- Official poster
- Directed by: Arvind Sastry
- Written by: Arvind Sastry
- Produced by: Rekha Venkatesh Nagasheela Prakash
- Starring: Suraj Gowda
- Cinematography: C. K. Vinyas R S Prashanth
- Edited by: Arvind Sastry
- Music by: Midhun Mukundan
- Production company: Boiled Beans Picture
- Release date: 4 November 2016;
- Running time: 94 minutes
- Country: India
- Language: Kannada

= Kahi (film) =

2016 Kannada-language film

Kahi is a 2016 Indian Kannada-language thriller drama film directed by Arvind Sastry and starring newcomers. The songs of the film gained media recognition prior to its release. The film won the Karnataka State Film Award for Best Screenplay.

== Cast ==
- Suraj Gowda as Raghu
- Harisharva as Hari
- Mathangi Prasan
- Krishi Thapanda
- Aravind Iyer as Ravi

== Reception ==
Sunayana Suresh of The Times of India wrote that "The film manages to entertain, provided you aren't the typical cinematic audience that wants stories laced with the romance-song-dance-fight routines". Shyam Prasad of Bangalore Mirror said that "Kahi (bitter) is a commendable attempt by newcomers that furthers the 'new wave' of Kannada films.

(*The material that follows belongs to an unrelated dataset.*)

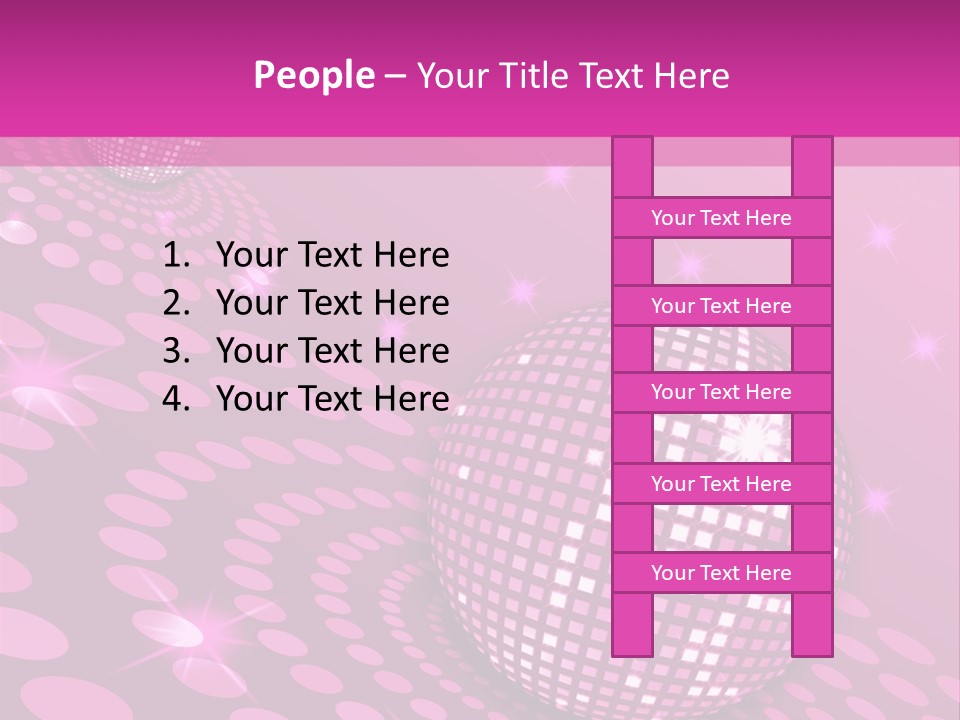 Disco Spotlight Lights PowerPoint Template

On the contrary, a critic from The Hindu wrote that "You are left with more questions than answers at the end of Kahi. And like the protagonists, you too are being asked to survive the bitter pill". Rakesh Mehar of The News Minute opined that "Not all of the film's narrative jumps and juxtapositions work well enough, and there are portions that could have done with more finesse. But to see such a narrative attempt coming out of Kannada cinema is indeed a welcome surprise".